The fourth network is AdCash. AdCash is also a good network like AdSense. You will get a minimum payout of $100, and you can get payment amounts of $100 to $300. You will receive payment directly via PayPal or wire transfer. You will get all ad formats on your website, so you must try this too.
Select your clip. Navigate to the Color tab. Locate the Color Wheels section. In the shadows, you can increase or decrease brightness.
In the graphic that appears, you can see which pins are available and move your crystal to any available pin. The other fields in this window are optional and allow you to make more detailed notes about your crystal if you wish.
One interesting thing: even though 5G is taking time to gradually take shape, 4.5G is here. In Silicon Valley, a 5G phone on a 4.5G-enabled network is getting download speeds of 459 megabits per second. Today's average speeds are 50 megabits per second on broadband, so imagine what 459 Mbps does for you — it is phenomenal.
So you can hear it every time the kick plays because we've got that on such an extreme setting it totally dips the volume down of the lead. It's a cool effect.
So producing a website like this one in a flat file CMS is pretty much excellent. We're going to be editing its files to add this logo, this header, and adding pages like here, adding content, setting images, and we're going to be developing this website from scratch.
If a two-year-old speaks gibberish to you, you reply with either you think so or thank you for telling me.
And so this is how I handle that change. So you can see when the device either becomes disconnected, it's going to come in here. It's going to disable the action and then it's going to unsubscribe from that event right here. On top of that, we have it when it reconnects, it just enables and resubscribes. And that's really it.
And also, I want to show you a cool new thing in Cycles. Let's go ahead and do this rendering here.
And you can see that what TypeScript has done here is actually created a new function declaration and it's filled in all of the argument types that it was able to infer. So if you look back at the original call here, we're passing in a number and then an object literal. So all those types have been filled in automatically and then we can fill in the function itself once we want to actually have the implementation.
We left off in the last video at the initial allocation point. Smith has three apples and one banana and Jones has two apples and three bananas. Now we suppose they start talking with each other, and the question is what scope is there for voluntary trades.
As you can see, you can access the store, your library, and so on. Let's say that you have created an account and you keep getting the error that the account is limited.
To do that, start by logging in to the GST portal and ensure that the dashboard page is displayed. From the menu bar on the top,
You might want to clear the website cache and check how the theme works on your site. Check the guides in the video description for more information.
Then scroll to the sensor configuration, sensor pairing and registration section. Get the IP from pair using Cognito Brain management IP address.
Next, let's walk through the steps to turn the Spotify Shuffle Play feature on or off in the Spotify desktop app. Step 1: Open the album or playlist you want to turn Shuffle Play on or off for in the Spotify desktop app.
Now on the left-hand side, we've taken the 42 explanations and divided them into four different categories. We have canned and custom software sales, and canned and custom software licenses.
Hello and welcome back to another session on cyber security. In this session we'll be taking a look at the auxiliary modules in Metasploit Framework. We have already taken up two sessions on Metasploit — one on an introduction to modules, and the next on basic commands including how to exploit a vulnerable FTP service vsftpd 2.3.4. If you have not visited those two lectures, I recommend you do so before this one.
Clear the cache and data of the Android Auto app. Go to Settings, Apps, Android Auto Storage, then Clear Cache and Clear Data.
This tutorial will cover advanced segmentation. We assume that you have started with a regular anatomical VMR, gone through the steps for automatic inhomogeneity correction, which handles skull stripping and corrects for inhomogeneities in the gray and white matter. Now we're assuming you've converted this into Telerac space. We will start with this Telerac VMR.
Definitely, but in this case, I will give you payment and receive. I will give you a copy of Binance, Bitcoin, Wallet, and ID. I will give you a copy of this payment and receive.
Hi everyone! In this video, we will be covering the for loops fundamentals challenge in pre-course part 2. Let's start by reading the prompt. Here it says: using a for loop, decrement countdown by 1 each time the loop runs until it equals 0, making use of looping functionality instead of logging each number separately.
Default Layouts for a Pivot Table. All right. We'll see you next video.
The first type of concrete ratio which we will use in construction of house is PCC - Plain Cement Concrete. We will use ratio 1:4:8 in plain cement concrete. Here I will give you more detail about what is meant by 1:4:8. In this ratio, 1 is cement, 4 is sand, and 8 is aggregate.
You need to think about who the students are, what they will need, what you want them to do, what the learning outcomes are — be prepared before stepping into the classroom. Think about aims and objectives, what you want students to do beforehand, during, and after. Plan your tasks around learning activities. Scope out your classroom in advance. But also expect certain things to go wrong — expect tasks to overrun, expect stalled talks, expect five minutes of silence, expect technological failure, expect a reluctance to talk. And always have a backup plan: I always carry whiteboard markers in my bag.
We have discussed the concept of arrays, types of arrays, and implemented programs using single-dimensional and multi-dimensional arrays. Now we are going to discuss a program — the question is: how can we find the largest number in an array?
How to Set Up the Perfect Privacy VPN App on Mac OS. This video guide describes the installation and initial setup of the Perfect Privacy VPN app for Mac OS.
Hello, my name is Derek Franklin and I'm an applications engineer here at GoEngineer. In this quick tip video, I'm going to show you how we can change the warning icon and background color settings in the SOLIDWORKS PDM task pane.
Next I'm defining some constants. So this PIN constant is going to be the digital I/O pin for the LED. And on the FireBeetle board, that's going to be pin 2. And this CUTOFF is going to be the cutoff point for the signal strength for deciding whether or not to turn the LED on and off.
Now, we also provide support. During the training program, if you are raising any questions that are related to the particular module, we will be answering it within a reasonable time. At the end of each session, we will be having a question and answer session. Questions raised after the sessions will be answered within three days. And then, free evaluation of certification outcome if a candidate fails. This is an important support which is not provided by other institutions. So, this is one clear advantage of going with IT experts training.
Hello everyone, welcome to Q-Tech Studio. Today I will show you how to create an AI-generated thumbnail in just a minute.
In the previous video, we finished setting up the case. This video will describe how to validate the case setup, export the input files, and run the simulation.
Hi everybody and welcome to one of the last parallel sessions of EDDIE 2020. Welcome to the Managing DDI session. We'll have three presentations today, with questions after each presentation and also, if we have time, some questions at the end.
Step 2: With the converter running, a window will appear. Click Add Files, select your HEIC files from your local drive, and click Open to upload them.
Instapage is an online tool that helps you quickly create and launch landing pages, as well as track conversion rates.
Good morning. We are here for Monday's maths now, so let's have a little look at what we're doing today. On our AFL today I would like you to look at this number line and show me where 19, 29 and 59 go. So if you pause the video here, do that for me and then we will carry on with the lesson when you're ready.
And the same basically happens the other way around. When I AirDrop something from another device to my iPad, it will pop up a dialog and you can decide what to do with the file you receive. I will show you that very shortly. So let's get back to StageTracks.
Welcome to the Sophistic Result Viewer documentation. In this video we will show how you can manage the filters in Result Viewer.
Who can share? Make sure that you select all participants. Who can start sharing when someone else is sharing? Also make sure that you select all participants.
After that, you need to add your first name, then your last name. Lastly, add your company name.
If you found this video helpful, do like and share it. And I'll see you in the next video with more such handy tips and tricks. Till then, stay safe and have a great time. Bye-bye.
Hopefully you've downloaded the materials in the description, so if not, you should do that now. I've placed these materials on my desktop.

- _HOW TO COMPLETE THIS TASK_
Write out all the data exactly.

- _YOUR RESPONSE_
The fourth network is AdCash. AdCash is also a good network like AdSense. You will get a minimum payout of $100, and you can get payment amounts of $100 to $300. You will receive payment directly via PayPal or wire transfer. You will get all ad formats on your website, so you must try this too.
Select your clip. Navigate to the Color tab. Locate the Color Wheels section. In the shadows, you can increase or decrease brightness.
In the graphic that appears, you can see which pins are available and move your crystal to any available pin. The other fields in this window are optional and allow you to make more detailed notes about your crystal if you wish.
One interesting thing: even though 5G is taking time to gradually take shape, 4.5G is here. In Silicon Valley, a 5G phone on a 4.5G-enabled network is getting download speeds of 459 megabits per second. Today's average speeds are 50 megabits per second on broadband, so imagine what 459 Mbps does for you — it is phenomenal.
So you can hear it every time the kick plays because we've got that on such an extreme setting it totally dips the volume down of the lead. It's a cool effect.
So producing a website like this one in a flat file CMS is pretty much excellent. We're going to be editing its files to add this logo, this header, and adding pages like here, adding content, setting images, and we're going to be developing this website from scratch.
If a two-year-old speaks gibberish to you, you reply with either you think so or thank you for telling me.
And so this is how I handle that change. So you can see when the device either becomes disconnected, it's going to come in here. It's going to disable the action and then it's going to unsubscribe from that event right here. On top of that, we have it when it reconnects, it just enables and resubscribes. And that's really it.
And also, I want to show you a cool new thing in Cycles. Let's go ahead and do this rendering here.
And you can see that what TypeScript has done here is actually created a new function declaration and it's filled in all of the argument types that it was able to infer. So if you look back at the original call here, we're passing in a number and then an object literal. So all those types have been filled in automatically and then we can fill in the function itself once we want to actually have the implementation.
We left off in the last video at the initial allocation point. Smith has three apples and one banana and Jones has two apples and three bananas. Now we suppose they start talking with each other, and the question is what scope is there for voluntary trades.
As you can see, you can access the store, your library, and so on. Let's say that you have created an account and you keep getting the error that the account is limited.
To do that, start by logging in to the GST portal and ensure that the dashboard page is displayed. From the menu bar on the top,
You might want to clear the website cache and check how the theme works on your site. Check the guides in the video description for more information.
Then scroll to the sensor configuration, sensor pairing and registration section. Get the IP from pair using Cognito Brain management IP address.
Next, let's walk through the steps to turn the Spotify Shuffle Play feature on or off in the Spotify desktop app. Step 1: Open the album or playlist you want to turn Shuffle Play on or off for in the Spotify desktop app.
Now on the left-hand side, we've taken the 42 explanations and divided them into four different categories. We have canned and custom software sales, and canned and custom software licenses.
Hello and welcome back to another session on cyber security. In this session we'll be taking a look at the auxiliary modules in Metasploit Framework. We have already taken up two sessions on Metasploit — one on an introduction to modules, and the next on basic commands including how to exploit a vulnerable FTP service vsftpd 2.3.4. If you have not visited those two lectures, I recommend you do so before this one.
Clear the cache and data of the Android Auto app. Go to Settings, Apps, Android Auto Storage, then Clear Cache and Clear Data.
This tutorial will cover advanced segmentation. We assume that you have started with a regular anatomical VMR, gone through the steps for automatic inhomogeneity correction, which handles skull stripping and corrects for inhomogeneities in the gray and white matter. Now we're assuming you've converted this into Telerac space. We will start with this Telerac VMR.
Definitely, but in this case, I will give you payment and receive. I will give you a copy of Binance, Bitcoin, Wallet, and ID. I will give you a copy of this payment and receive.
Hi everyone! In this video, we will be covering the for loops fundamentals challenge in pre-course part 2. Let's start by reading the prompt. Here it says: using a for loop, decrement countdown by 1 each time the loop runs until it equals 0, making use of looping functionality instead of logging each number separately.
Default Layouts for a Pivot Table. All right. We'll see you next video.
The first type of concrete ratio which we will use in construction of house is PCC - Plain Cement Concrete. We will use ratio 1:4:8 in plain cement concrete. Here I will give you more detail about what is meant by 1:4:8. In this ratio, 1 is cement, 4 is sand, and 8 is aggregate.
You need to think about who the students are, what they will need, what you want them to do, what the learning outcomes are — be prepared before stepping into the classroom. Think about aims and objectives, what you want students to do beforehand, during, and after. Plan your tasks around learning activities. Scope out your classroom in advance. But also expect certain things to go wrong — expect tasks to overrun, expect stalled talks, expect five minutes of silence, expect technological failure, expect a reluctance to talk. And always have a backup plan: I always carry whiteboard markers in my bag.
We have discussed the concept of arrays, types of arrays, and implemented programs using single-dimensional and multi-dimensional arrays. Now we are going to discuss a program — the question is: how can we find the largest number in an array?
How to Set Up the Perfect Privacy VPN App on Mac OS. This video guide describes the installation and initial setup of the Perfect Privacy VPN app for Mac OS.
Hello, my name is Derek Franklin and I'm an applications engineer here at GoEngineer. In this quick tip video, I'm going to show you how we can change the warning icon and background color settings in the SOLIDWORKS PDM task pane.
Next I'm defining some constants. So this PIN constant is going to be the digital I/O pin for the LED. And on the FireBeetle board, that's going to be pin 2. And this CUTOFF is going to be the cutoff point for the signal strength for deciding whether or not to turn the LED on and off.
Now, we also provide support. During the training program, if you are raising any questions that are related to the particular module, we will be answering it within a reasonable time. At the end of each session, we will be having a question and answer session. Questions raised after the sessions will be answered within three days. And then, free evaluation of certification outcome if a candidate fails. This is an important support which is not provided by other institutions. So, this is one clear advantage of going with IT experts training.
Hello everyone, welcome to Q-Tech Studio. Today I will show you how to create an AI-generated thumbnail in just a minute.
In the previous video, we finished setting up the case. This video will describe how to validate the case setup, export the input files, and run the simulation.
Hi everybody and welcome to one of the last parallel sessions of EDDIE 2020. Welcome to the Managing DDI session. We'll have three presentations today, with questions after each presentation and also, if we have time, some questions at the end.
Step 2: With the converter running, a window will appear. Click Add Files, select your HEIC files from your local drive, and click Open to upload them.
Instapage is an online tool that helps you quickly create and launch landing pages, as well as track conversion rates.
Good morning. We are here for Monday's maths now, so let's have a little look at what we're doing today. On our AFL today I would like you to look at this number line and show me where 19, 29 and 59 go. So if you pause the video here, do that for me and then we will carry on with the lesson when you're ready.
And the same basically happens the other way around. When I AirDrop something from another device to my iPad, it will pop up a dialog and you can decide what to do with the file you receive. I will show you that very shortly. So let's get back to StageTracks.
Welcome to the Sophistic Result Viewer documentation. In this video we will show how you can manage the filters in Result Viewer.
Who can share? Make sure that you select all participants. Who can start sharing when someone else is sharing? Also make sure that you select all participants.
After that, you need to add your first name, then your last name. Lastly, add your company name.
If you found this video helpful, do like and share it. And I'll see you in the next video with more such handy tips and tricks. Till then, stay safe and have a great time. Bye-bye.
Hopefully you've downloaded the materials in the description, so if not, you should do that now. I've placed these materials on my desktop.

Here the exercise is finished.